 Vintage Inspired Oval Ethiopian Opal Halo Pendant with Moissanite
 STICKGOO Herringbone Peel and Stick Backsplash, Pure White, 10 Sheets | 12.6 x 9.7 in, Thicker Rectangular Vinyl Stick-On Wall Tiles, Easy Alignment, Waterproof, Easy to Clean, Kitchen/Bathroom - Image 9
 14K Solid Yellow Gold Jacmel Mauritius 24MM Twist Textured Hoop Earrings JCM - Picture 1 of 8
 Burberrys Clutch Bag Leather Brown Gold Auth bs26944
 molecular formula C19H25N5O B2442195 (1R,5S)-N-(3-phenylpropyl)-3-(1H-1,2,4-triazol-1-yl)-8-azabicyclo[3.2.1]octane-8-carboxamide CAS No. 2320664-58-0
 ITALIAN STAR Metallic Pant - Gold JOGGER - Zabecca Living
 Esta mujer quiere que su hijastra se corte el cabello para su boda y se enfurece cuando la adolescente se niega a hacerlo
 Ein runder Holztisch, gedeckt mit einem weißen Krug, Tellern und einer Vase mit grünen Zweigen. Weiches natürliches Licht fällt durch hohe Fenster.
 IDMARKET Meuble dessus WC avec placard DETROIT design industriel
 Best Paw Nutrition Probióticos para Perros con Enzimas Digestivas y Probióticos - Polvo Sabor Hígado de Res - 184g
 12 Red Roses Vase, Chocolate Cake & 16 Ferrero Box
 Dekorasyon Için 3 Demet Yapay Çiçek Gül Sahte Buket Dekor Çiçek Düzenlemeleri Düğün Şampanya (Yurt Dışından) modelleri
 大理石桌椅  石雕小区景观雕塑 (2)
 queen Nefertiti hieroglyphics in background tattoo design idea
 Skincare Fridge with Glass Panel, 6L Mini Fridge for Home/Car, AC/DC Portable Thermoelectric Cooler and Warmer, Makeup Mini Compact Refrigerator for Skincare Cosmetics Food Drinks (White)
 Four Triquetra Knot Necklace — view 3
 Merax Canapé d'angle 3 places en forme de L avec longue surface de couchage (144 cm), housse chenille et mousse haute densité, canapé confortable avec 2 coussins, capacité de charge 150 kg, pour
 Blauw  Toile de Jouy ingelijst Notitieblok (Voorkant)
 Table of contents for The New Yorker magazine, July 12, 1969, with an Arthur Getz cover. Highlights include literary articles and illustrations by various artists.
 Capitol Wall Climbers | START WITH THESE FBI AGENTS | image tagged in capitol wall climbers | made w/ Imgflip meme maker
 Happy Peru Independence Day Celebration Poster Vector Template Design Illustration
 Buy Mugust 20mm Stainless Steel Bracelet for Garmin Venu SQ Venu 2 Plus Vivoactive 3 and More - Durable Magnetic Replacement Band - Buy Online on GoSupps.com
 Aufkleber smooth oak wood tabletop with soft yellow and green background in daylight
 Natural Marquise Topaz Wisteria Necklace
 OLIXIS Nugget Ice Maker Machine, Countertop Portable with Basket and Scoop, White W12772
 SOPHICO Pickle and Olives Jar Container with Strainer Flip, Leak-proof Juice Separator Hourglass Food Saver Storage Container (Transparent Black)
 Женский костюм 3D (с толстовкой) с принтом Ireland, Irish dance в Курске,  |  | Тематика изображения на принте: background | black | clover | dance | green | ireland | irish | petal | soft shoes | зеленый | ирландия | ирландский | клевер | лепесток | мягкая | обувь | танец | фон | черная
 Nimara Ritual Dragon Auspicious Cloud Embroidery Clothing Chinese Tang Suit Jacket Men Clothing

◆ ◆ ◆

## WHAT YOU WILL DO
Within the material above, the line with "14K Solid Yellow" opens the range and the line with "molecular formula C19H25N5O" closes it; reproduce that range word for word.

## OUTPUT OF THE TASK
 14K Solid Yellow Gold Jacmel Mauritius 24MM Twist Textured Hoop Earrings JCM - Picture 1 of 8
 Burberrys Clutch Bag Leather Brown Gold Auth bs26944
 molecular formula C19H25N5O B2442195 (1R,5S)-N-(3-phenylpropyl)-3-(1H-1,2,4-triazol-1-yl)-8-azabicyclo[3.2.1]octane-8-carboxamide CAS No. 2320664-58-0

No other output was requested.